- **GOAL OF THE EXERCISE**
Take the lines below from the one with "Those who are" through the one with "So anyway, our" and print only them, exactly. Don't print the pictures.

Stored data

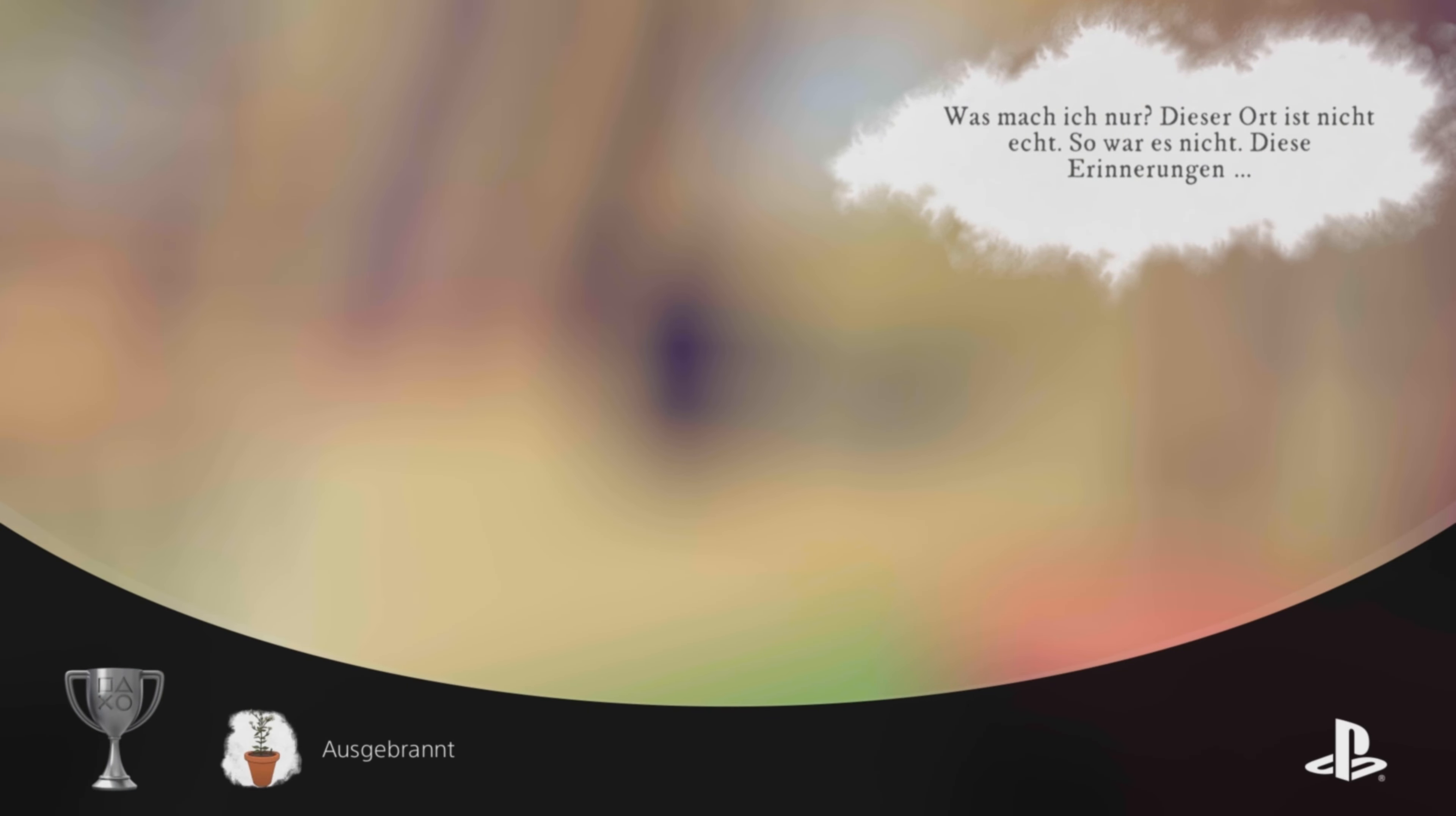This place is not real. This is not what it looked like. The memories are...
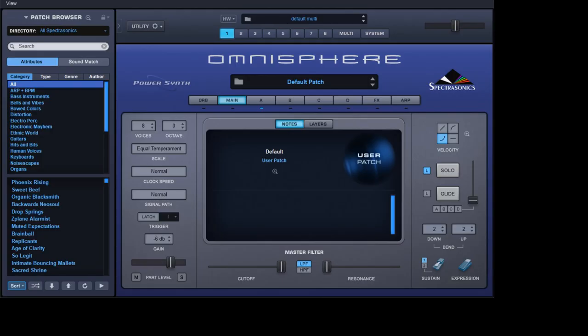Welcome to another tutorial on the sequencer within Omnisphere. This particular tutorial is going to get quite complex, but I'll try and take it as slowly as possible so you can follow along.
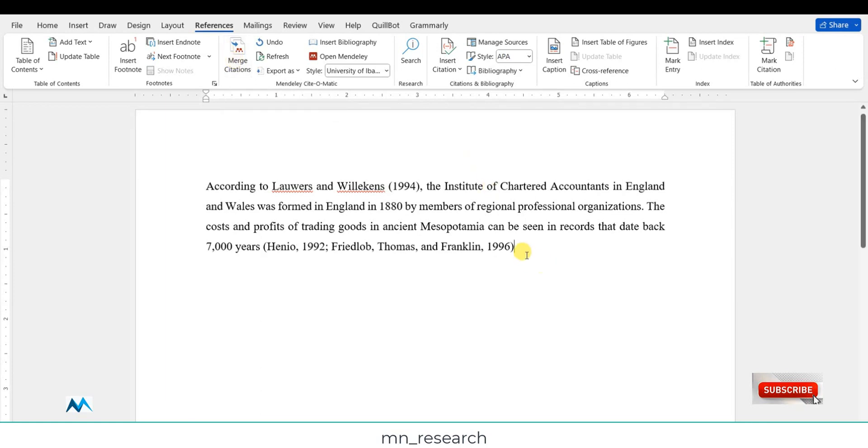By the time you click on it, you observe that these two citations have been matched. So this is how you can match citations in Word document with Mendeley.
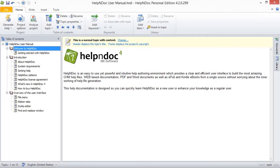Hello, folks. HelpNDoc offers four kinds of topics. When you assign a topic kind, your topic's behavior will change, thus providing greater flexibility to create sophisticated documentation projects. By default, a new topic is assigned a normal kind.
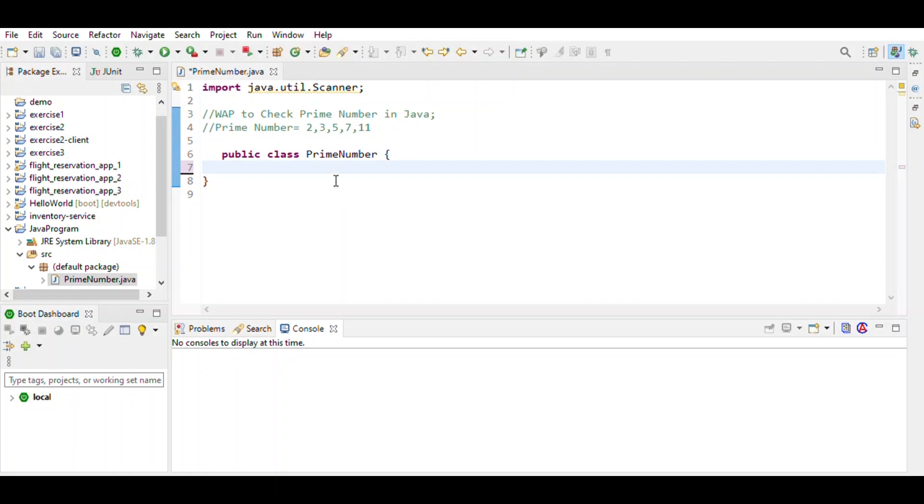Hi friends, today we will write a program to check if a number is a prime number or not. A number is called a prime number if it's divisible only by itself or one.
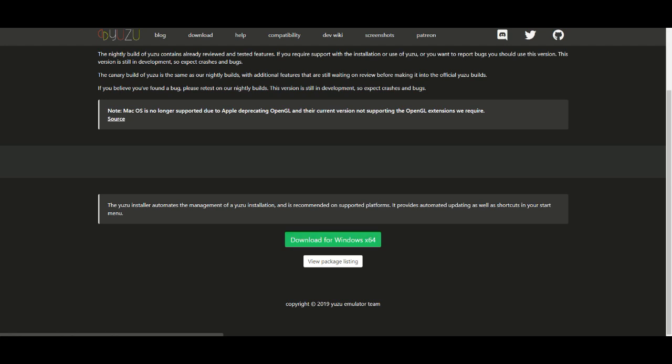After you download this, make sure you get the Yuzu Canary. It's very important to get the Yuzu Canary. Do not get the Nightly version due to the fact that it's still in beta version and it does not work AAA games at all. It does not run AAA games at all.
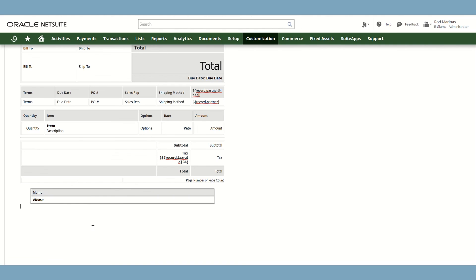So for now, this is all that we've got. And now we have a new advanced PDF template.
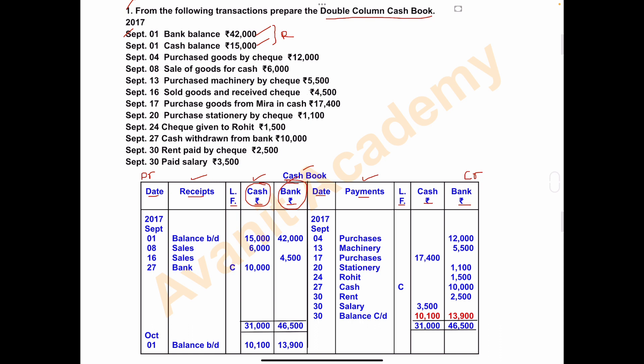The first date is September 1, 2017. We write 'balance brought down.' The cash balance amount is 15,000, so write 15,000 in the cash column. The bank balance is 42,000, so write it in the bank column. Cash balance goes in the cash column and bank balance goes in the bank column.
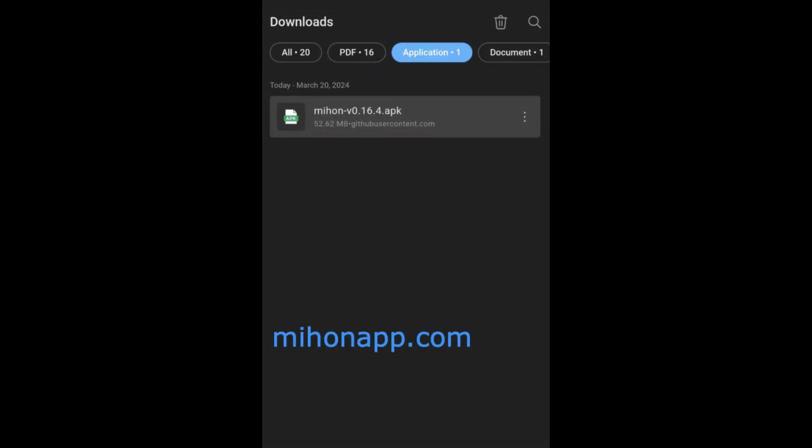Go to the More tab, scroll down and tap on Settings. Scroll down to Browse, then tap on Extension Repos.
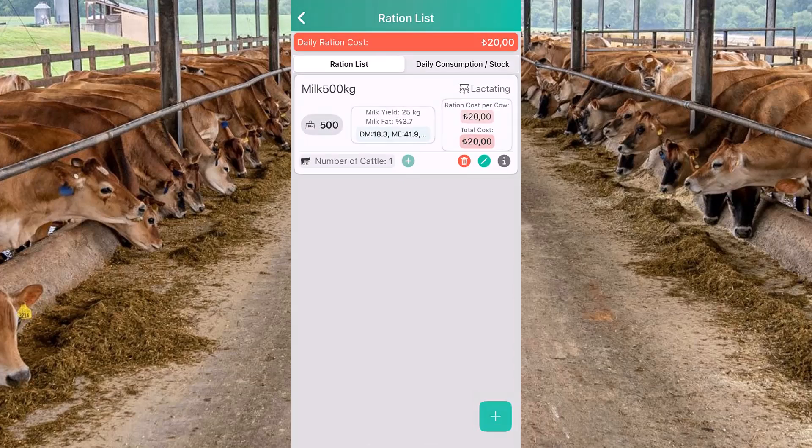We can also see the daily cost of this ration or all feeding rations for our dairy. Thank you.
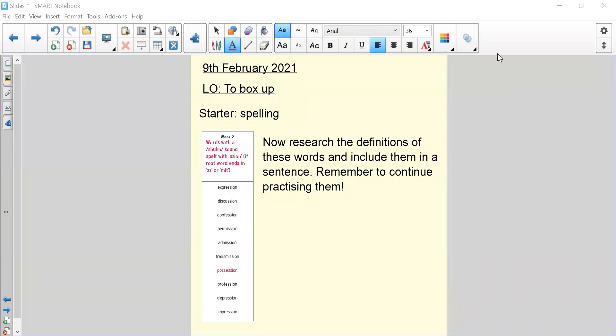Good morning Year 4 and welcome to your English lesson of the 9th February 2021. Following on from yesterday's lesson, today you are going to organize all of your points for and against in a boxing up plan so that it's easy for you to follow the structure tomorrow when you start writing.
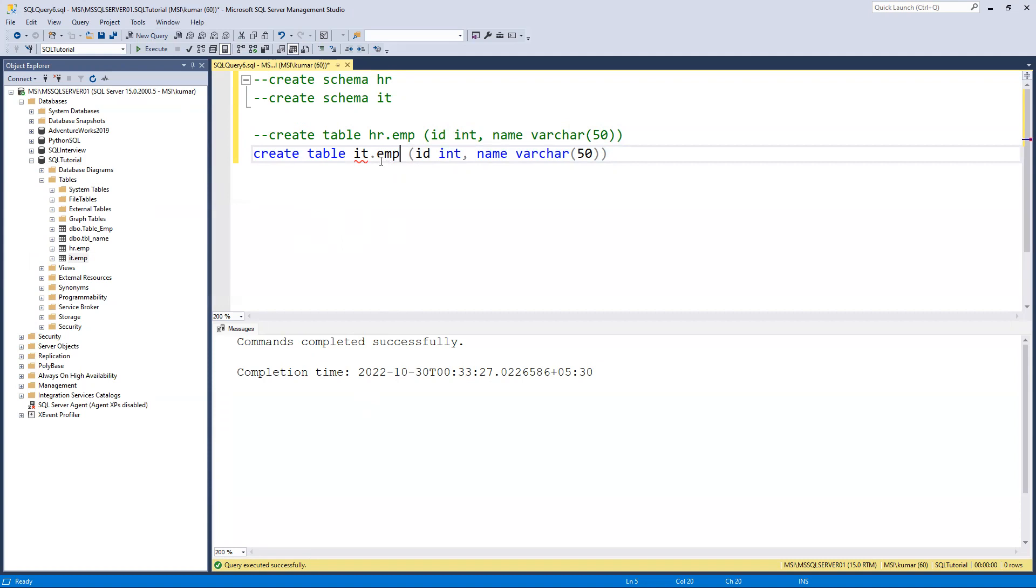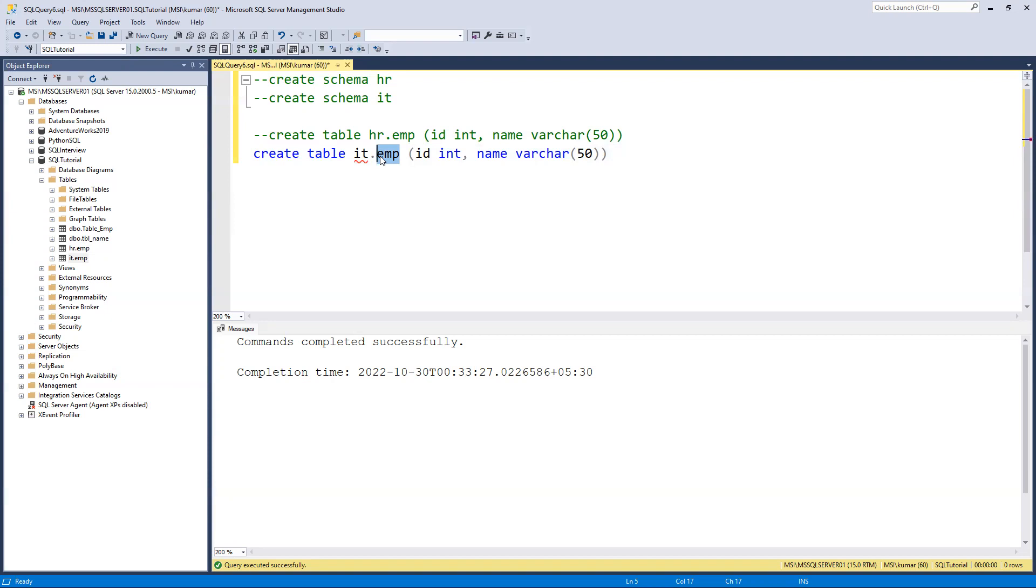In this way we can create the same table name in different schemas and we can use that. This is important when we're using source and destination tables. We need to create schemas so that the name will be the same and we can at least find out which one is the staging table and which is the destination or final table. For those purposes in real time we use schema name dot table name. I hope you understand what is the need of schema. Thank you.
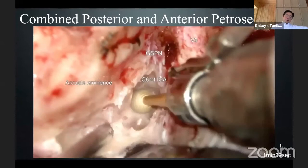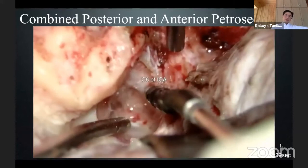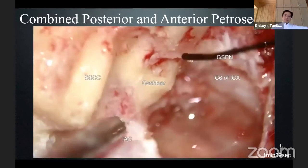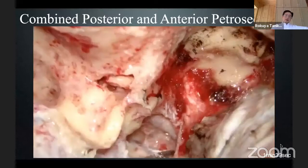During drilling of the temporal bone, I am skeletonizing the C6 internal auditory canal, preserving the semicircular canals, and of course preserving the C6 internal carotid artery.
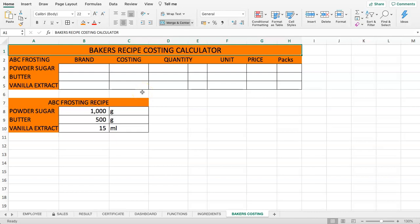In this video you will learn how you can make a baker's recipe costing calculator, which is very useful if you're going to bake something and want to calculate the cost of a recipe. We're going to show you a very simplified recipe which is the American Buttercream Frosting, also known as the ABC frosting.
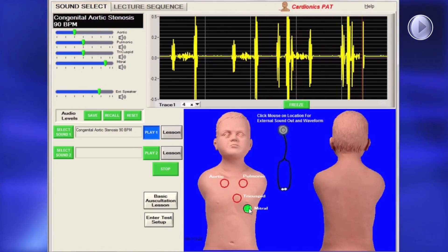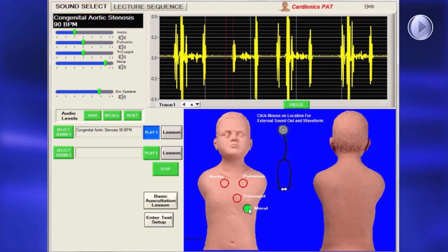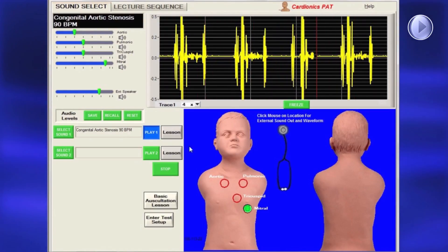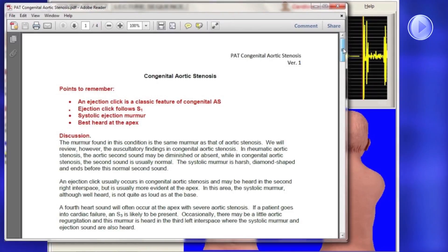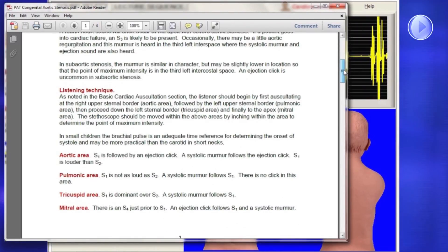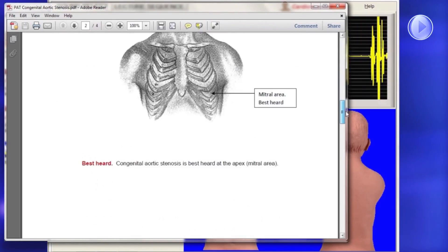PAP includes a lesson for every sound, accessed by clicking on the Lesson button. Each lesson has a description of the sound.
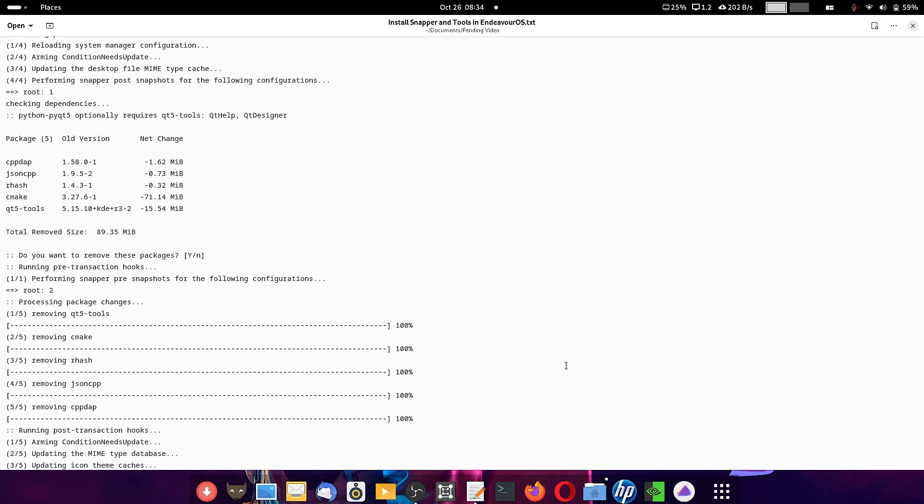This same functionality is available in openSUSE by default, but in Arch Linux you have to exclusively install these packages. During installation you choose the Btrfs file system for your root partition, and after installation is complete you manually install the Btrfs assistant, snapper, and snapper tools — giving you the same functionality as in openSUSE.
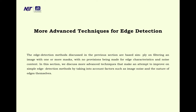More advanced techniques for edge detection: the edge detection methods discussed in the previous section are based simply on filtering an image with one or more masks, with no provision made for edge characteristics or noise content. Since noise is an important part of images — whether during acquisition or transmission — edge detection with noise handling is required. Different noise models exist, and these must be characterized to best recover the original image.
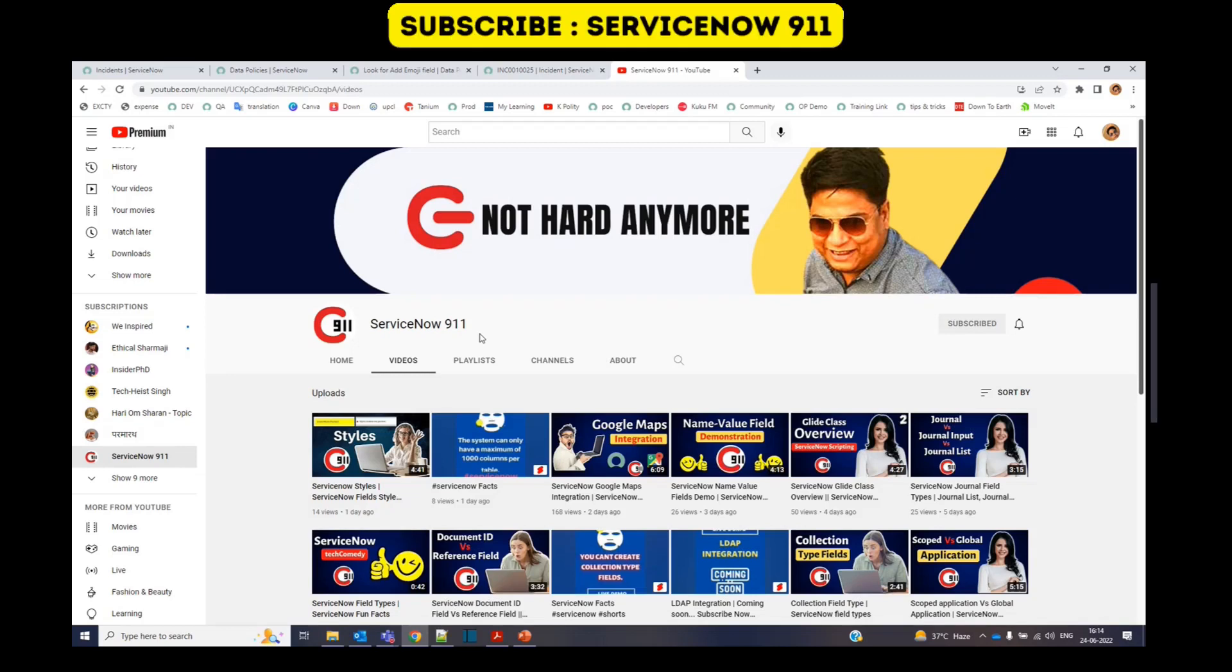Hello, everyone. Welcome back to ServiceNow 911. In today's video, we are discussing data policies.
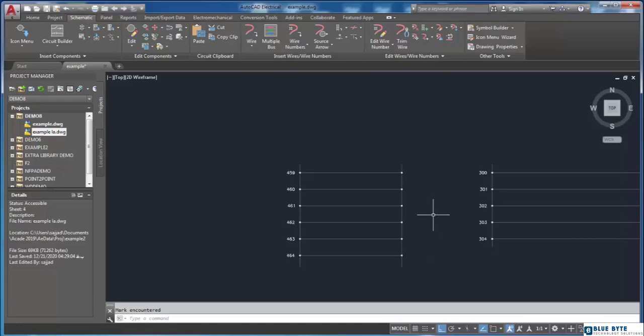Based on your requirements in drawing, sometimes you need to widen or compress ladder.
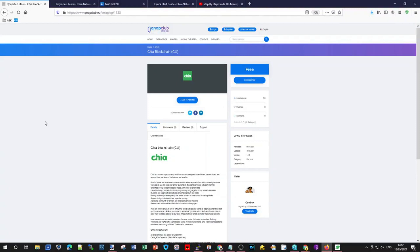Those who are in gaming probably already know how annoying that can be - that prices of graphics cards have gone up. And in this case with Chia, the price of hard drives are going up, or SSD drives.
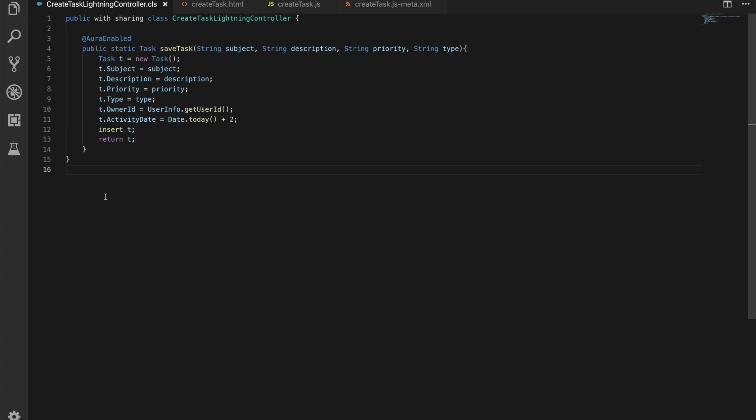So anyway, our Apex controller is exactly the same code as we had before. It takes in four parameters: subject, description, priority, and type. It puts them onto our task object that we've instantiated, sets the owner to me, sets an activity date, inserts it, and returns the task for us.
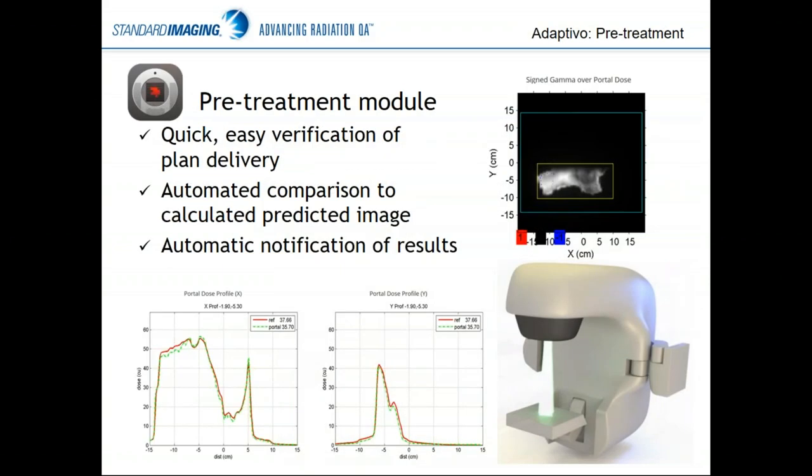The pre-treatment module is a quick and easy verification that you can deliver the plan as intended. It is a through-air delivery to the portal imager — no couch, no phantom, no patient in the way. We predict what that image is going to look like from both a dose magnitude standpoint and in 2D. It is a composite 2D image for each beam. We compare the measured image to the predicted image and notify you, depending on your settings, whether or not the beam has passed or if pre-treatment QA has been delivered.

- **WRITTEN ANSWER**
Those who are in gaming probably already know how annoying that can be - that prices of graphics cards have gone up. And in this case with Chia, the price of hard drives are going up, or SSD drives.
So anyway, our Apex controller is exactly the same code as we had before. It takes in four parameters: subject, description, priority, and type. It puts them onto our task object that we've instantiated, sets the owner to me, sets an activity date, inserts it, and returns the task for us.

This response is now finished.